Dataset entries:
----
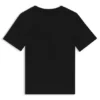 Kids’ printed-artwork T-shirt in cotton Kids’ printed-artwork T-shirt in cotton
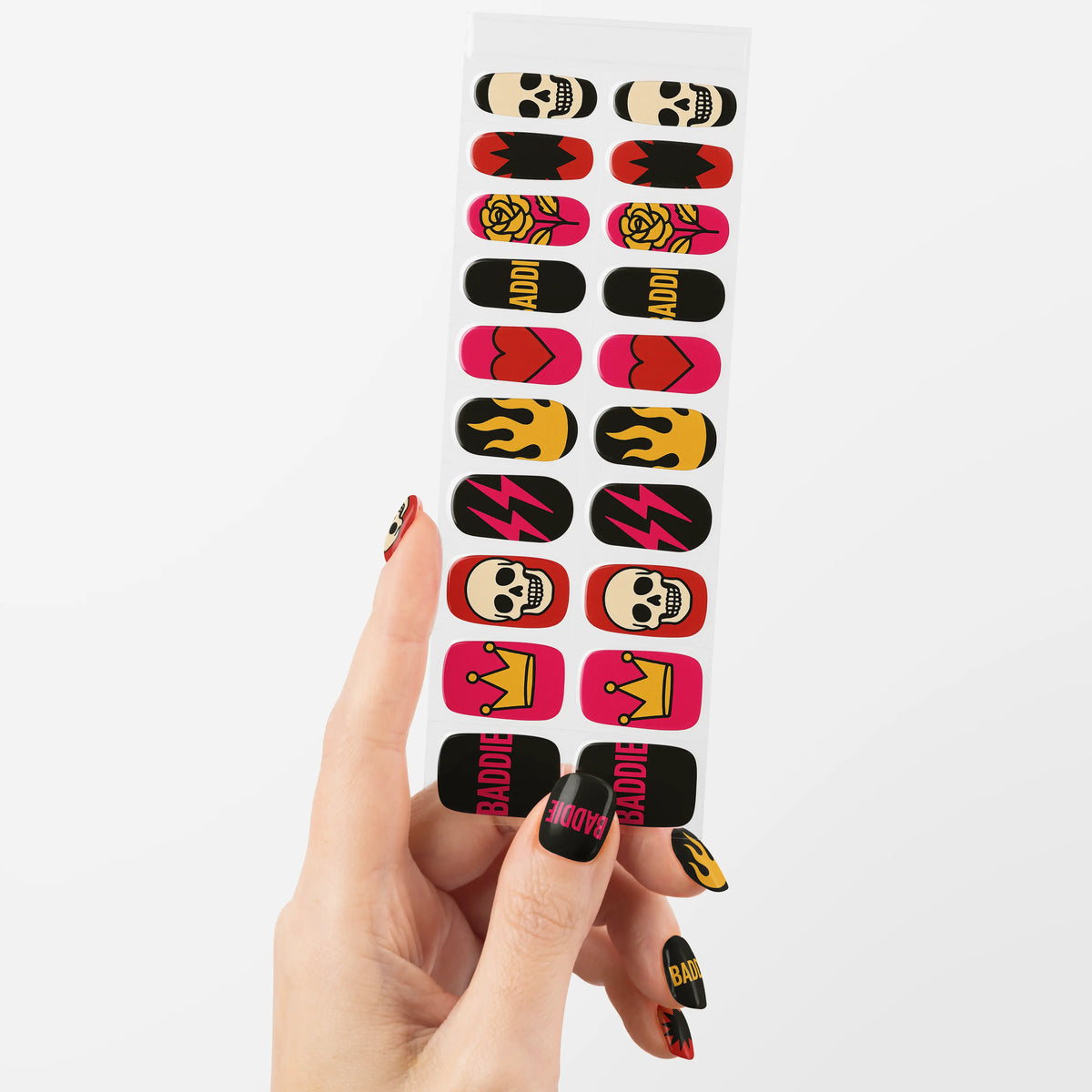 nail-wraps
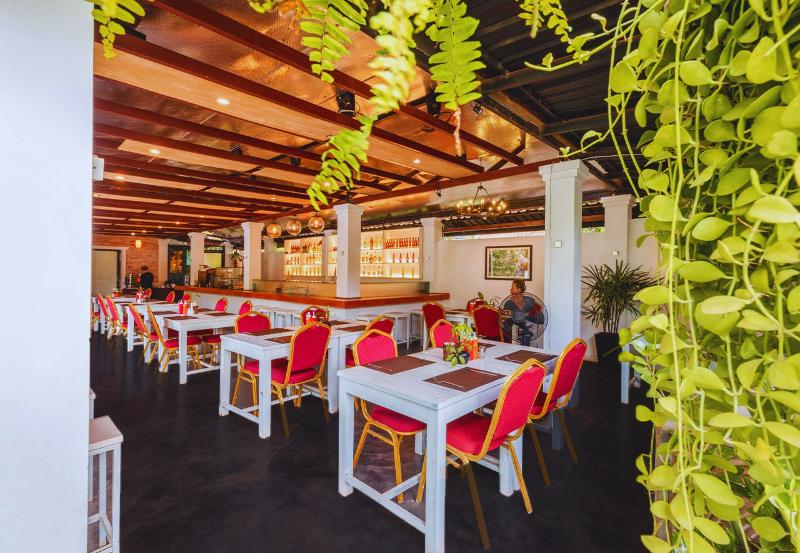 Ladear Angkor Hotel image
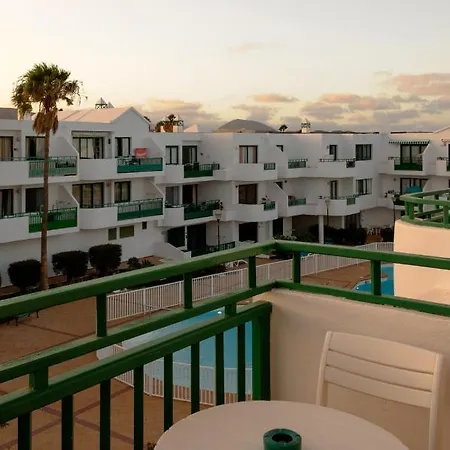 Estudio D - Apartamento *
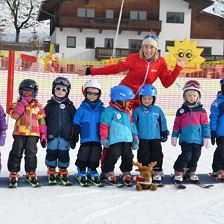 Skischule Alpin - Kelchsau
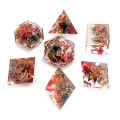 Dice Set Stardust 11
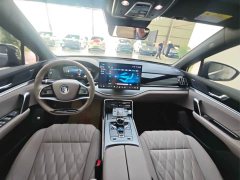 BYD Yuan Plus DM-i Glory Edition 215KM Four-Wheel Drive Premium - ფოტო 5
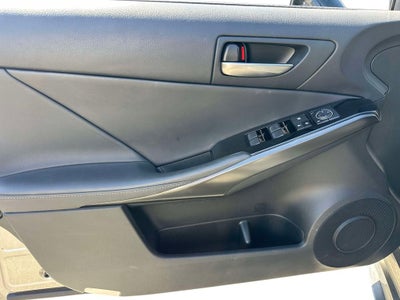 2021 Lexus IS 300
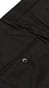 Brown Prince of Wales Wool Suit With Blue Overcheck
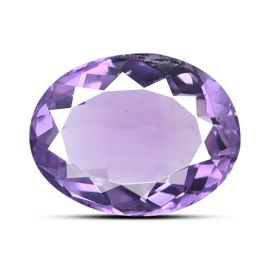 Natural Amethyst (Kathela) Cts 4.96 Ratti 5.45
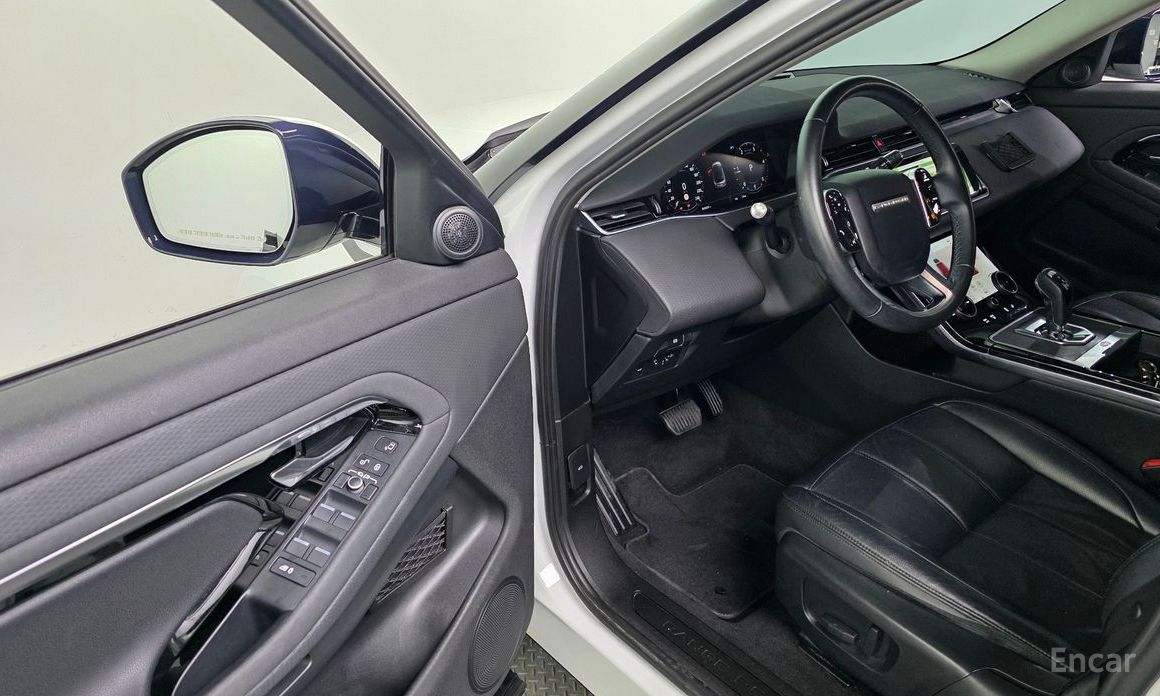 Land Rover Range Rover Evoque 2nd Generation D150 S №12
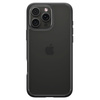 SPIGEN ULTRA HYBRID DO IPHONE 16 PRO MAX CASE Z PRZEJŻYSTYM TYŁEM I OCHRONĄ
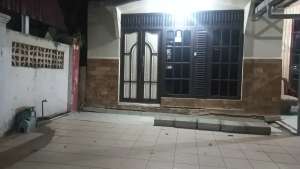 Di kontrakan rumah lokasi di Banjarmasin Kota, tersedia melalui melalui situs Olx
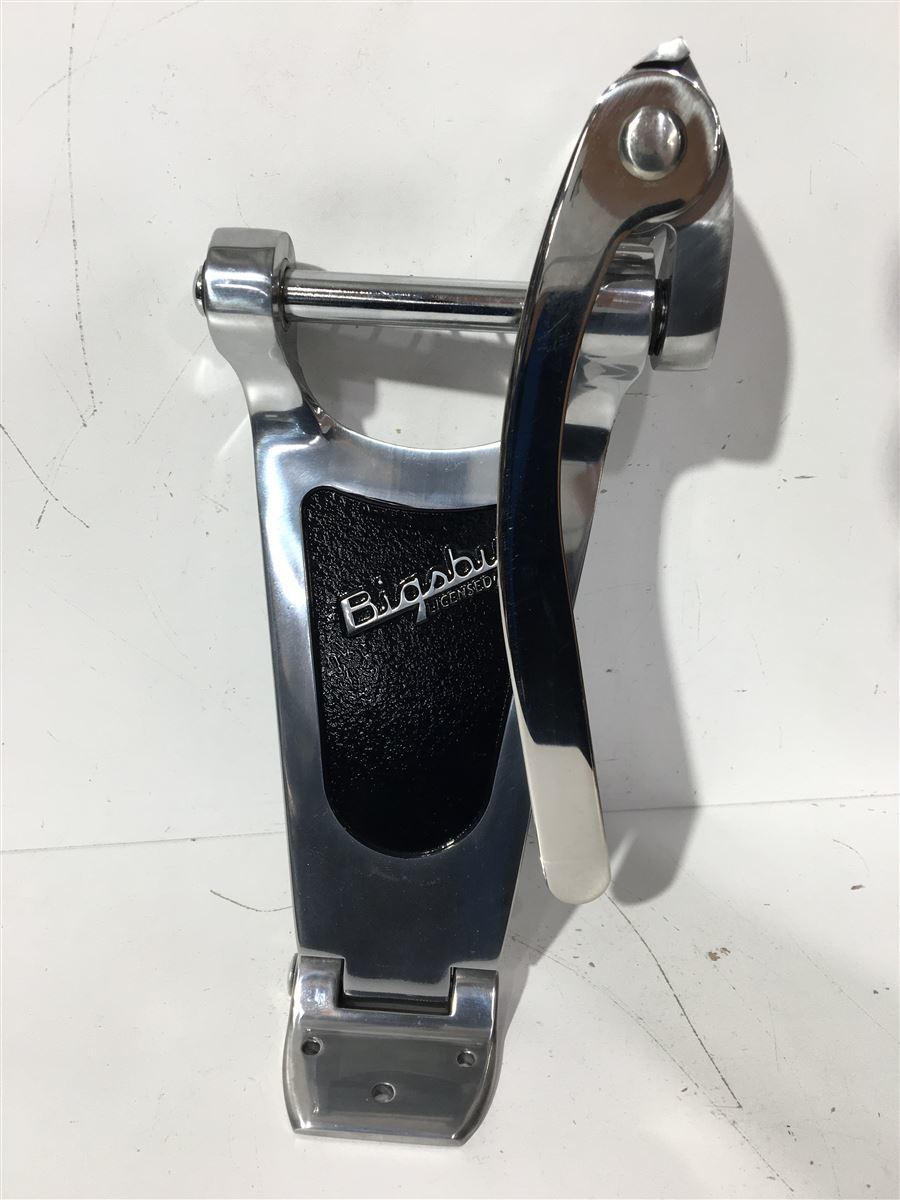 Bigsby トレモロアーム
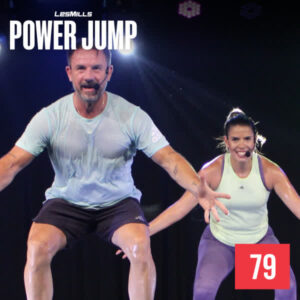 POWER JUMP 79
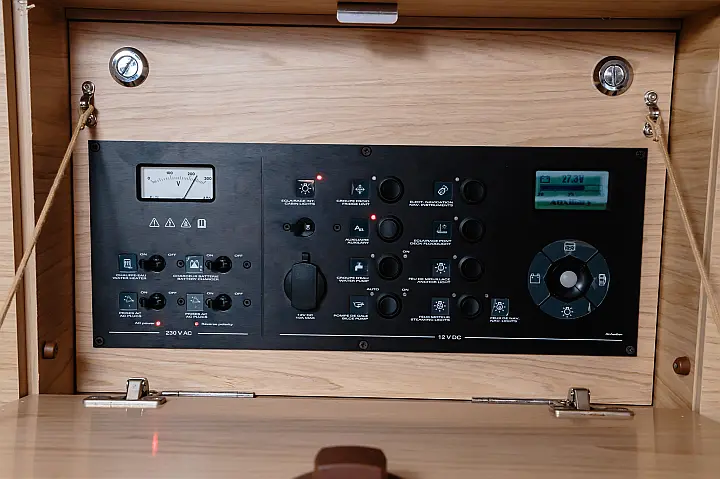 Oceanis 48 - 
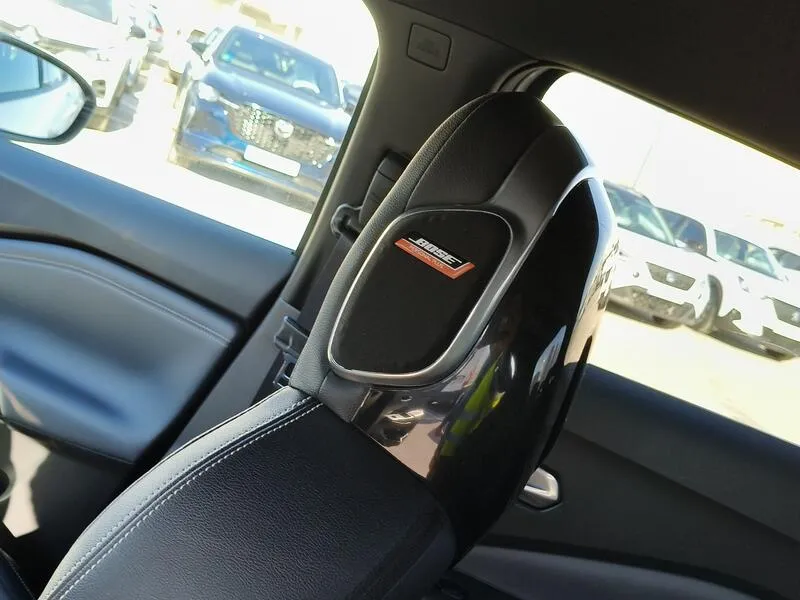 Nissan Juke DIG-T DCT Tekna - foto 35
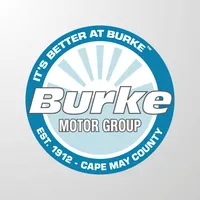 Burke Motor Group icon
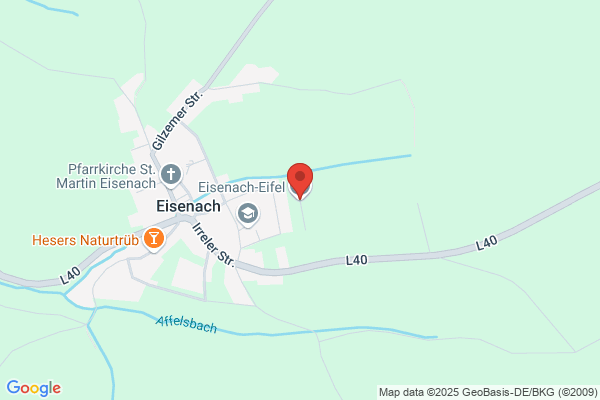 Eifelstübchen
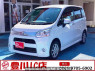 Used 2011 AT daihatsu move LA100S Image[0]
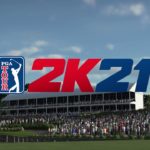 PGA Tour 2K21 annunciato con un teaser da 2K Games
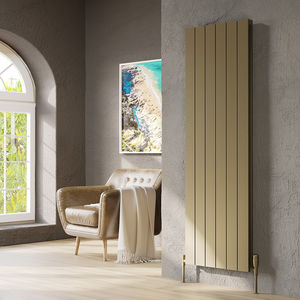 radiatore ad acqua calda 1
----
WHAT YOU SHOULD DO: In the data above, find the line containing "Used 2011 AT daihatsu move LA100S Image[0]"; from there, please write out each line through the end, exactly, with the pictures omitted.

WRITTEN SOLUTION:
 Used 2011 AT daihatsu move LA100S Image[0]
 PGA Tour 2K21 annunciato con un teaser da 2K Games
 radiatore ad acqua calda 1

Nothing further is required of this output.